TriPIM (PIM)

TriPIM is an Extension of the TriCORE Approach Using UPMEM and PIM concepts. The TriCORE method introduced an innovative technique for triangle counting in graph analytics, utilizing a binary search-driven mechanism to improve thread parallelism and memory efficiency. In this study, we present TriPIM, which builds upon the foundational principles of TriCORE and integrates with UPMEM PIM technology. This integration aims to further optimize the graph triangle infrastructure by leveraging the advantages of both the TriCORE approach and the capabilities offered by UPMEM.

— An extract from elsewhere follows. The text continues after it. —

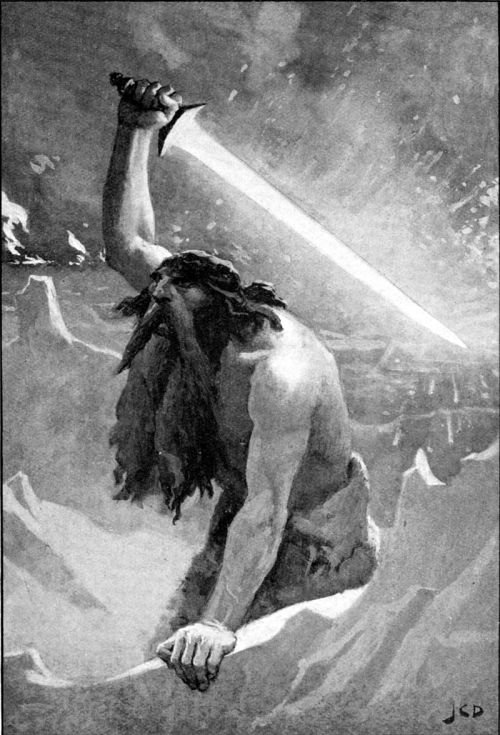 John Charles Dollman筆下的黑色巨人史爾特爾。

Project Build Instructions

This document provides instructions on how to build and run various components of the project using the provided Makefile. The Makefile simplifies the compilation and execution process for both CPU and GPU targets, as well as for DPU (Data Processing Units) targets.

Prerequisites

Before building and running the benchmarks, ensure you have the following installed:

GNU Compiler Collection (GCC) for C++ compilation
NVIDIA CUDA Toolkit for GPU code compilation
Python3 for running GPU benchmarks
UPMEM DPU Toolchain for compiling and executing DPU benchmarks

Make sure that the g++ and nvcc compilers are accessible in your system's PATH. Additionally, the DPU toolchain must be properly configured if you intend to run the DPU benchmarks.

Available Commands

The Makefile includes several targets to facilitate building, running, and managing the project components:

General Targets

all: Compiles all benchmarks, including GAP benchmark suite components and the TriPIM benchmark for CPU, GPU, and DPU platforms.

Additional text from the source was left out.